Io non credo che un eventuale lieve miglioramento delle tariffe porti automaticamente un numero di clienti tale da adeguarsi all’incremento dei mezzi. Per farlo occorrerebbe scoraggiare l’uso delle autovetture private nei centri urbani; a quel punto, però, sicuramente tornerebbero a riaumentare le tariffe.E’ vero che, come in tutti i settori, ci sono comportamenti discutibili che vanno sanzionati in quanto tali. Da qui a dire che la categoria è formata da approfittatori che si arricchiscono alle spalle di inermi clienti ce ne passa. Non mi pare si sia mai arricchito nessuno facendo il tassista.
Quello che non dovrebbe essere permesso è il commercio della licenza. La licenza è pubblica, ed in quanto tale si paga una tassa di concessione governativa, quindi è dello Stato. Per quale ragione deve essere oggetto di compravendita tra privati? Quando, chi ha la concessione, non può più esercitare la professione per qualsiasi motivo, questa deve ritornare in mano pubblica che provvederà a riassegnarla, in base ad una graduatoria, ad un concorso o in qualsiasi altra maniera idonea a garantire l’imparzialità dell’assegnazione. Si potrà pretendere un miglioramento della figura professionale del tassista in maniera da fornire un miglior servizio alla clientela.

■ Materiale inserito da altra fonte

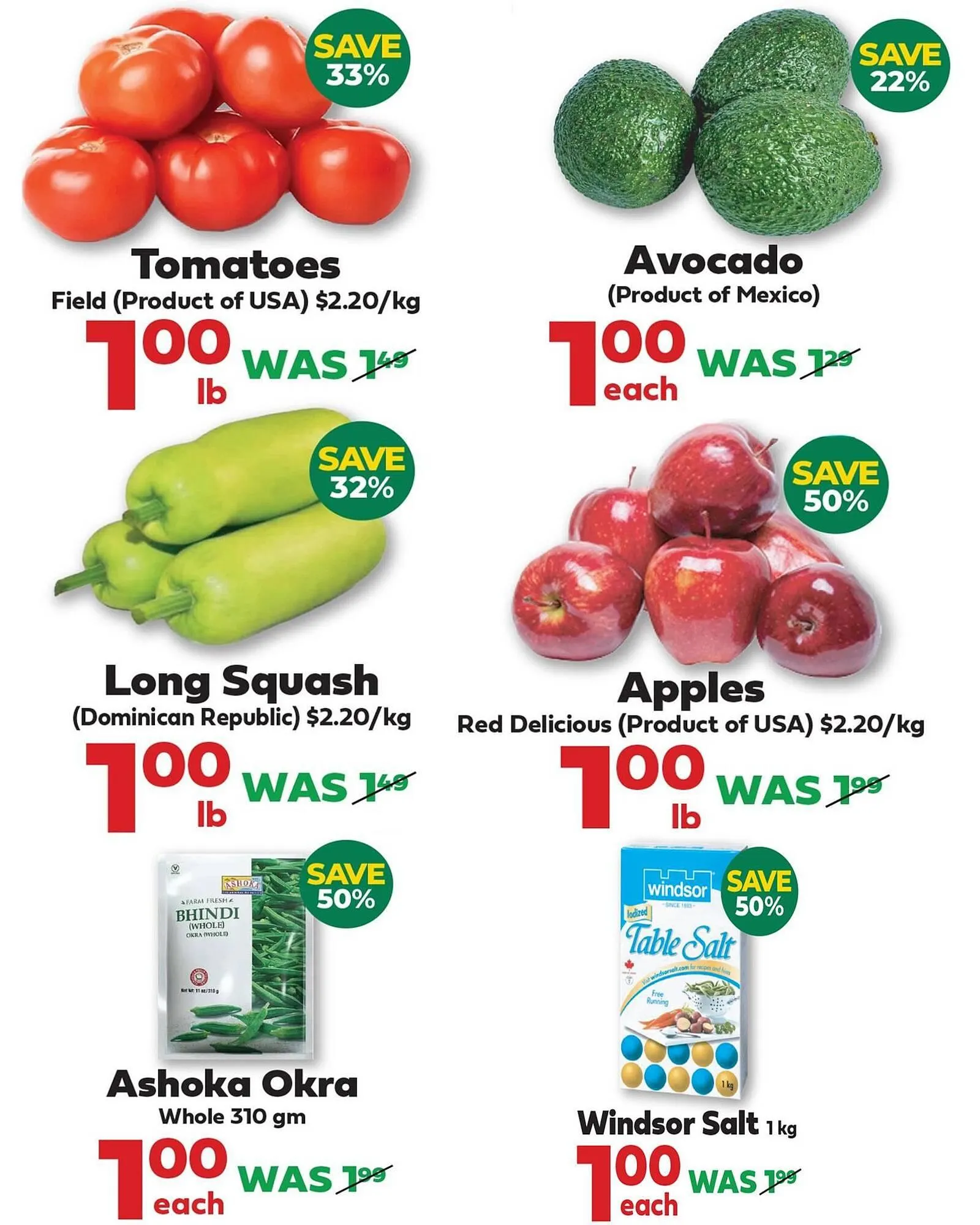 Iqbal Foods flyer from January 1 to January 7 2026 - flyer page 2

Non sarebbe male, per esempio, pretendere che si conosca almeno una o più lingue straniere, visto che siamo in un Paese a vocazione turistica; oppure che il tassista sia perfettamente padrone della toponomastica della città in cui opera, come avviene in Inghilterra; Oppure frequenti un corso che lo abiliti anche a guida turistica, cosa che oggi magari qualcuno pratica in maniera abusiva.
Credo che, più che sul numero, si debba agire sulla qualità dei servizi che si offrono.
Io diffido molto delle liberalizzazioni fatte per “moda”: spesso si rivelano più dannose che utili per i consumatori.
Un’ultima provocazione: dal momento che un servizio, qualsiasi esso sia, deve produrre un profitto per l’imprenditore privato, chi mai andrà a consegnare giornalmente della posta in piccole frazioni, con i pochi centesimi di francobollo. Certamente non sussiste il problema per i centri più grandi e remunerativi.
Morale: non è che quando c’è da fornire un servizio in “perdita” dovrà pensarci lo Stato e quando invece c’è da guadagnare qualcosa allora occorre il privato?
Avrei da dire anche sulla liberalizzazione delle farmacie, ma sono troppo lungo e per il momento mi fermo qui.